Work request ▸ Every line from the top of the records through the line containing "The first method" should be retyped exactly; the pictures should not.
** Opening Data for this task block **
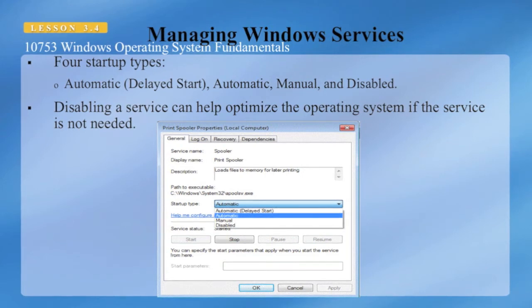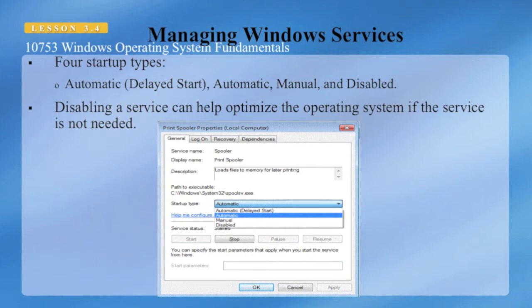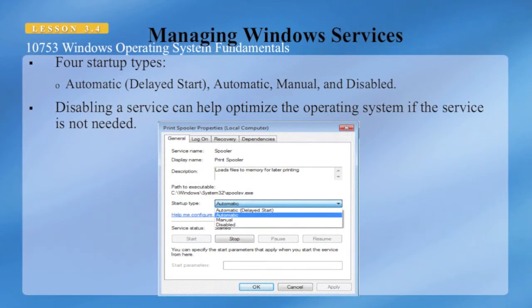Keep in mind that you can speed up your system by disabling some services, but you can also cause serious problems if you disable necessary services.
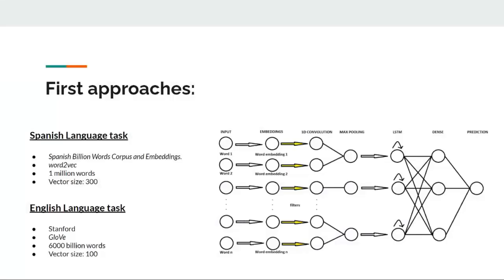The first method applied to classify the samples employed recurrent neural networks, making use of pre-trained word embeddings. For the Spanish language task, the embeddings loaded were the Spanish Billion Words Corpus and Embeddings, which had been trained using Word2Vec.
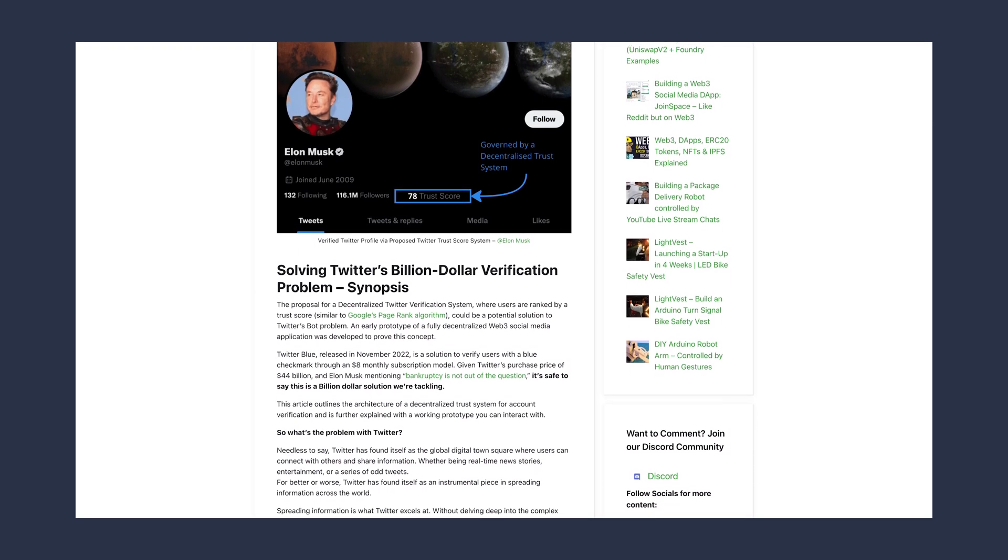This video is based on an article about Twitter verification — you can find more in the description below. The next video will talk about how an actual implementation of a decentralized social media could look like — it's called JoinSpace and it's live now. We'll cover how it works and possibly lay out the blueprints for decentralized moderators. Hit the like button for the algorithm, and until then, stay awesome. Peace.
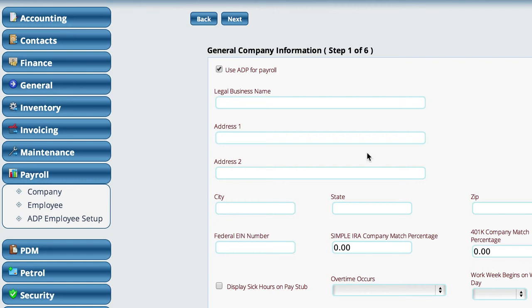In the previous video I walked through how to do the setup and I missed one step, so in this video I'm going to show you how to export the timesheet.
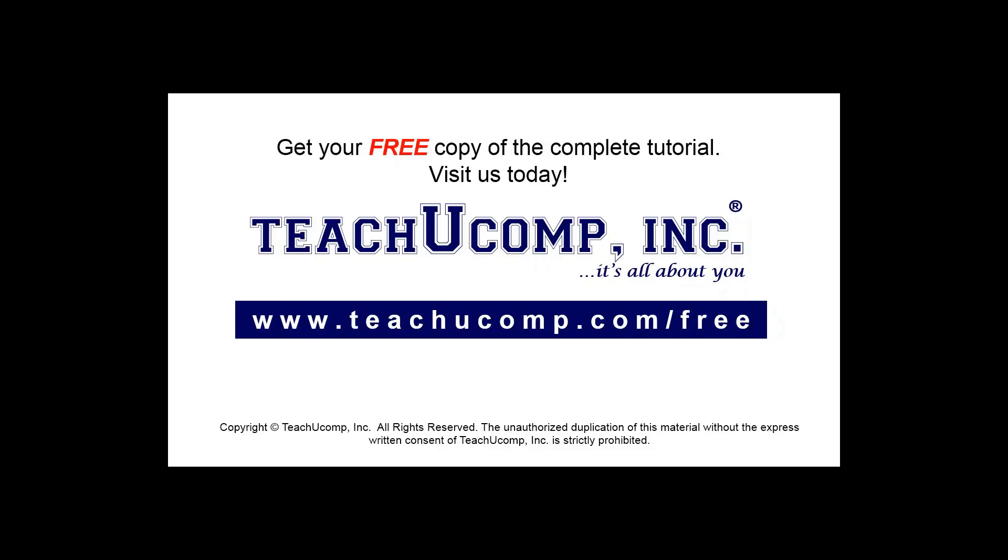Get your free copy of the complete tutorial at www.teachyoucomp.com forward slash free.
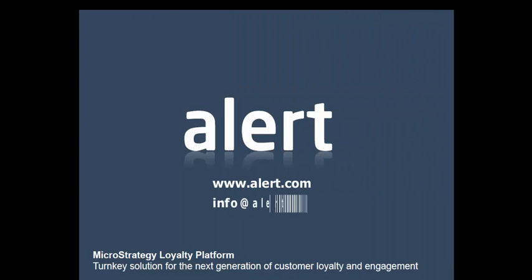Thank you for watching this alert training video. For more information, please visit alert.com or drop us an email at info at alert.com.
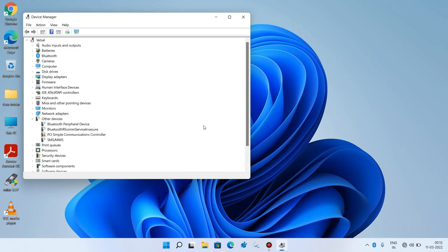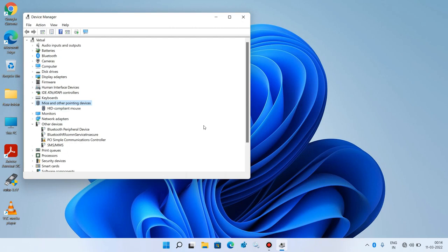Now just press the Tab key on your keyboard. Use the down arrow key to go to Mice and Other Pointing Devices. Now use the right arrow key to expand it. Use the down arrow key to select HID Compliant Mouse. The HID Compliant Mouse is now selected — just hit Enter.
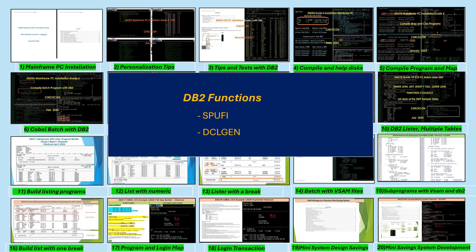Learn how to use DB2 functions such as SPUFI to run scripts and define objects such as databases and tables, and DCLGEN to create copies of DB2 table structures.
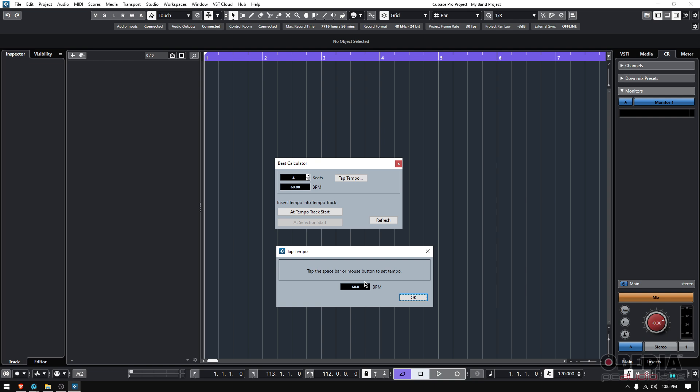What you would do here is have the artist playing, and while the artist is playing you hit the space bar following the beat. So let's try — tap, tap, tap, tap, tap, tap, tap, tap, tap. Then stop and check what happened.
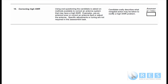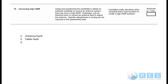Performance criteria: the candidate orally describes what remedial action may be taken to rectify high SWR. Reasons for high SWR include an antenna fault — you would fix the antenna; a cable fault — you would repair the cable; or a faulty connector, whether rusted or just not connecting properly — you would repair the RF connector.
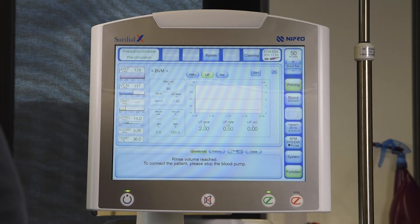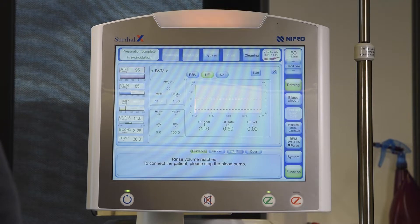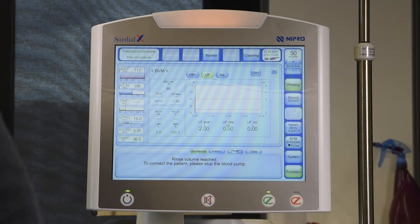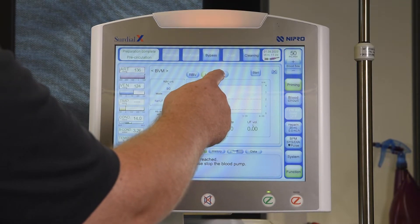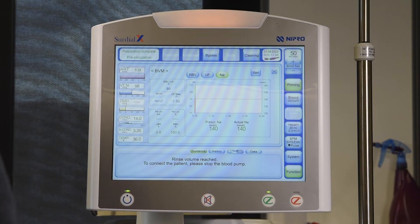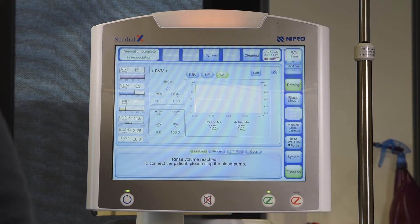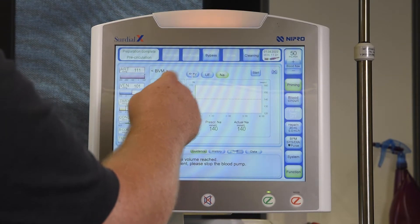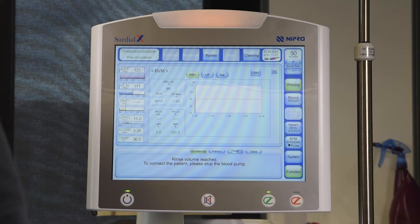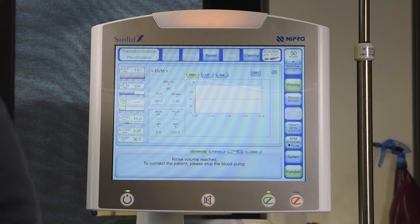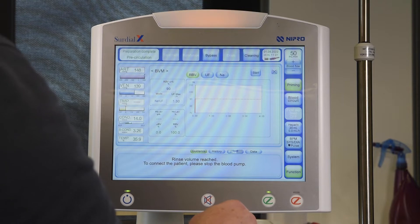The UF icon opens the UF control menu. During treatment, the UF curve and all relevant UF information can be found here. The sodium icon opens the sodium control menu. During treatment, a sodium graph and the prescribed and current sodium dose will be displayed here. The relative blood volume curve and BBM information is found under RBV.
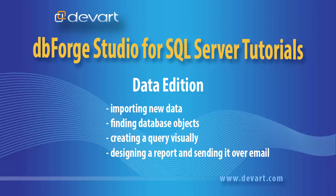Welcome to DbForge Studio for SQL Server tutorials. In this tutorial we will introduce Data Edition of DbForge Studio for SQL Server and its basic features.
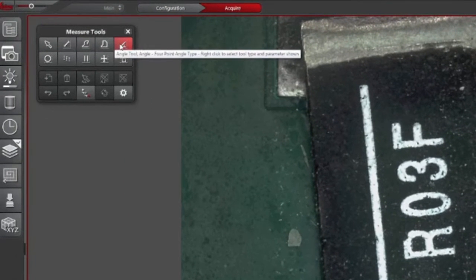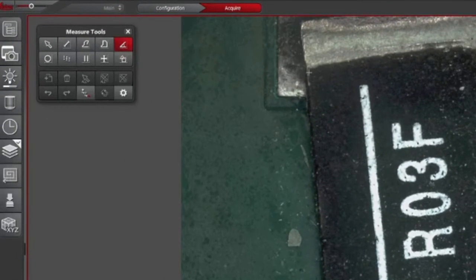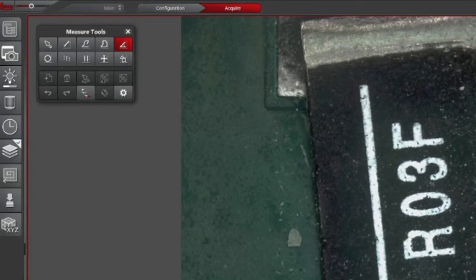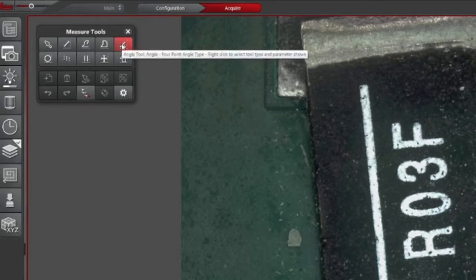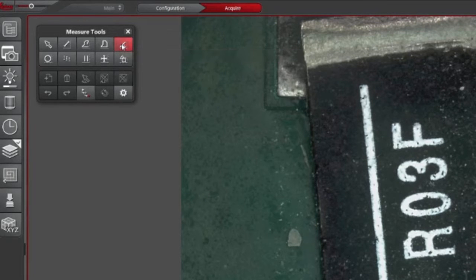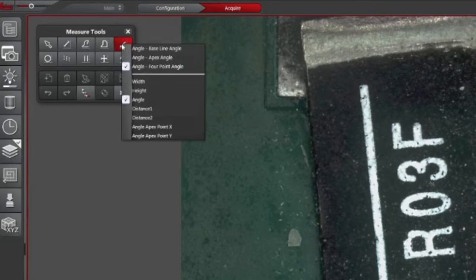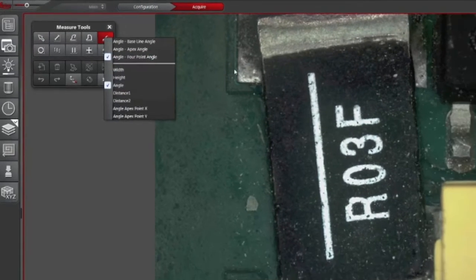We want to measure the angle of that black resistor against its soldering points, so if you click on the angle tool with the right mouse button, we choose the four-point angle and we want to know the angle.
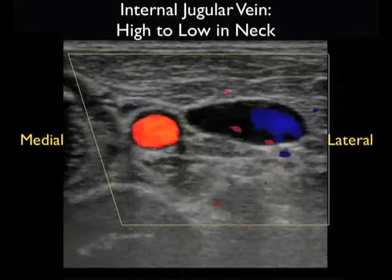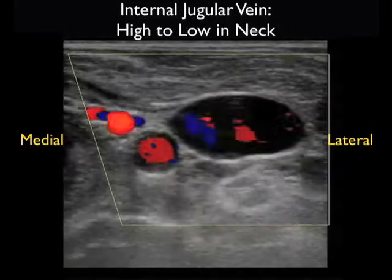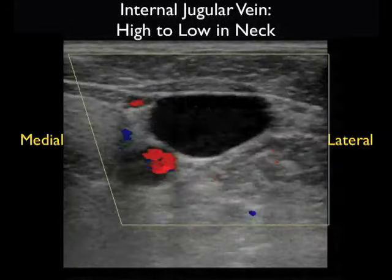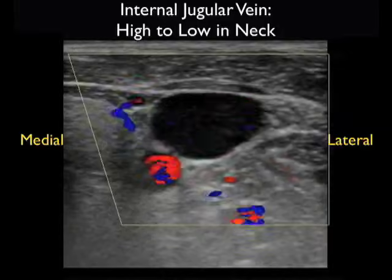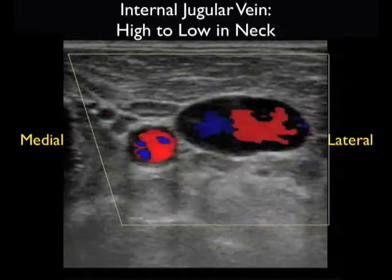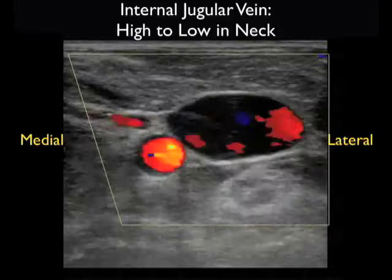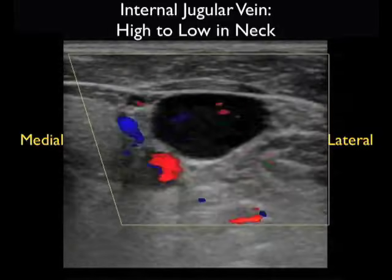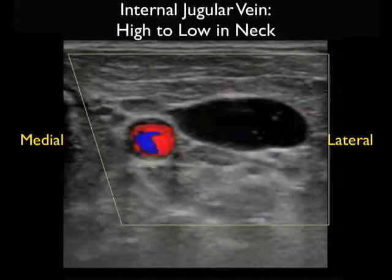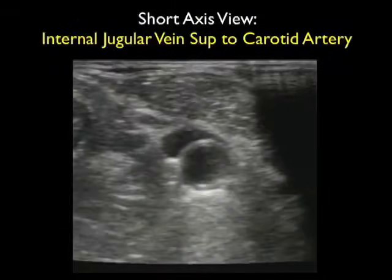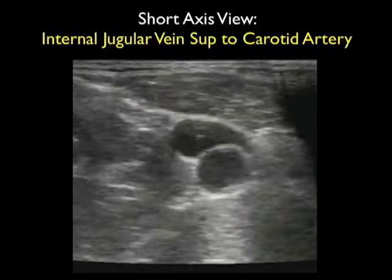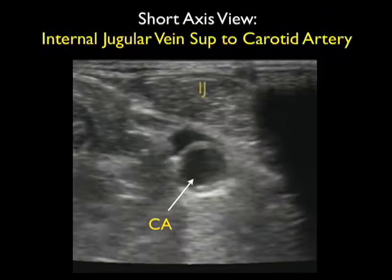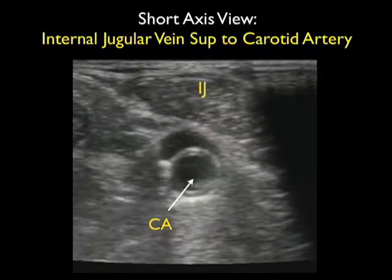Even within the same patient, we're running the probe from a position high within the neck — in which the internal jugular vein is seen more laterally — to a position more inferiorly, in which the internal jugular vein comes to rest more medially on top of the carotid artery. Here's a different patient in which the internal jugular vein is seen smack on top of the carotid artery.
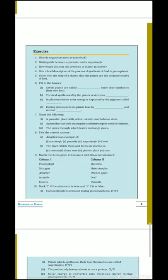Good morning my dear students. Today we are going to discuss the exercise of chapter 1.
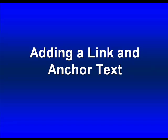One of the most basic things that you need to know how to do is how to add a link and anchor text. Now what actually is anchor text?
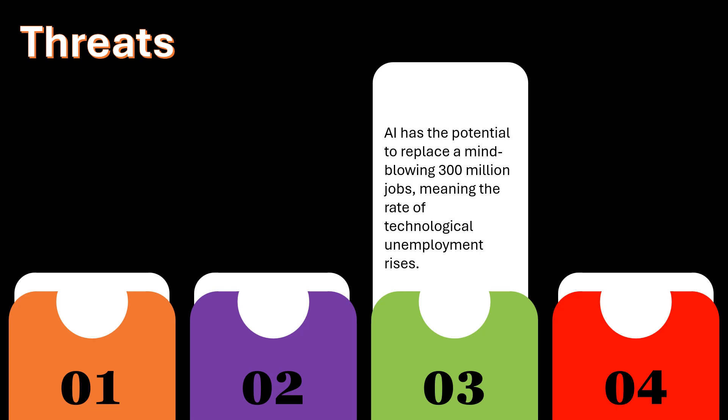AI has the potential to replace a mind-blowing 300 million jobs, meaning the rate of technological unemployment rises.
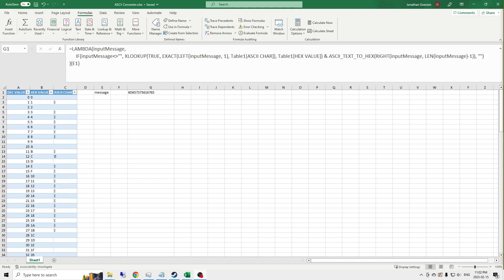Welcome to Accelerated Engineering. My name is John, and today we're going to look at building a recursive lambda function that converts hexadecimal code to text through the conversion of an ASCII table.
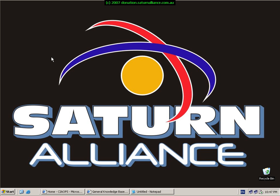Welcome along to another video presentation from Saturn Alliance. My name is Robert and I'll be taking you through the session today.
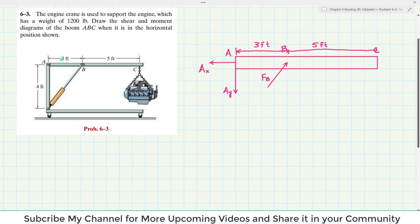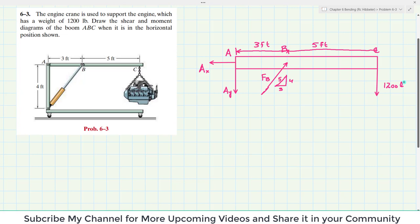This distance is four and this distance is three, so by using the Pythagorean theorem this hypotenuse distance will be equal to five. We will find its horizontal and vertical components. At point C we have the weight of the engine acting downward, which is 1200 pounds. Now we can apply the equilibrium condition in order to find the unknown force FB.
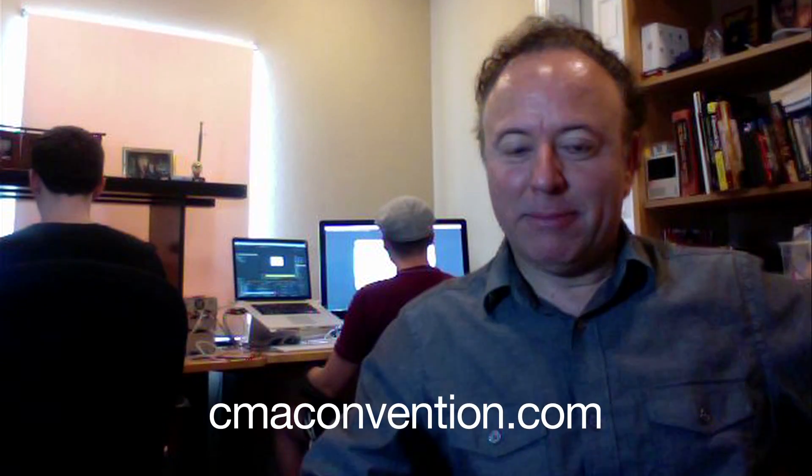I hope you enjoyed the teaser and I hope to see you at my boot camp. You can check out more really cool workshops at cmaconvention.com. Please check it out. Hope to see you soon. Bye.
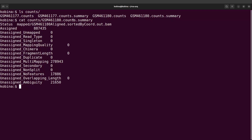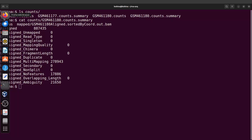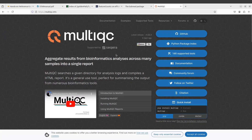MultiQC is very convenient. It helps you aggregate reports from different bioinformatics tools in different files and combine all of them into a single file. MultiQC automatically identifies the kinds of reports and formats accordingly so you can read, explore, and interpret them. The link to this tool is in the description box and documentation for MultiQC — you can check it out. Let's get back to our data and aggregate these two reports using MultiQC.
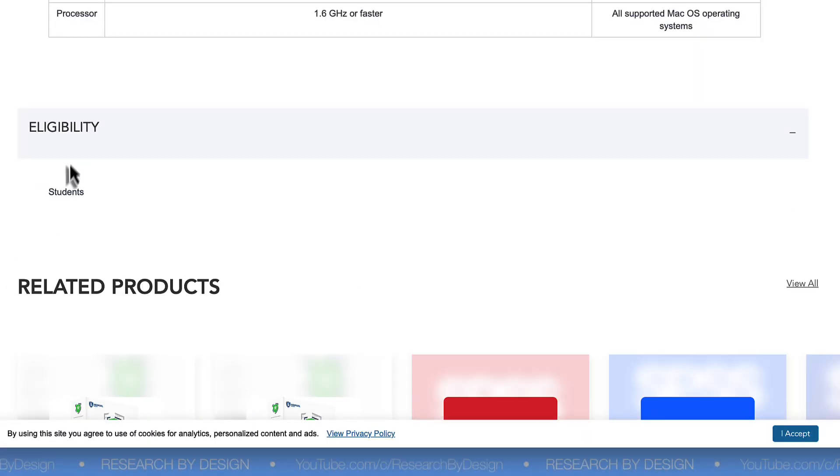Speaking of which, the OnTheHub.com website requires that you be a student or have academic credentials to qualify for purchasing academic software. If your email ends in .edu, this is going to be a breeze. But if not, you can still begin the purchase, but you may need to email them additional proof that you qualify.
** Closing Data for this task block **
Exercise answer ▸
Keep in mind that you can speed up your system by disabling some services, but you can also cause serious problems if you disable necessary services.
The first method applied to classify the samples employed recurrent neural networks, making use of pre-trained word embeddings. For the Spanish language task, the embeddings loaded were the Spanish Billion Words Corpus and Embeddings, which had been trained using Word2Vec.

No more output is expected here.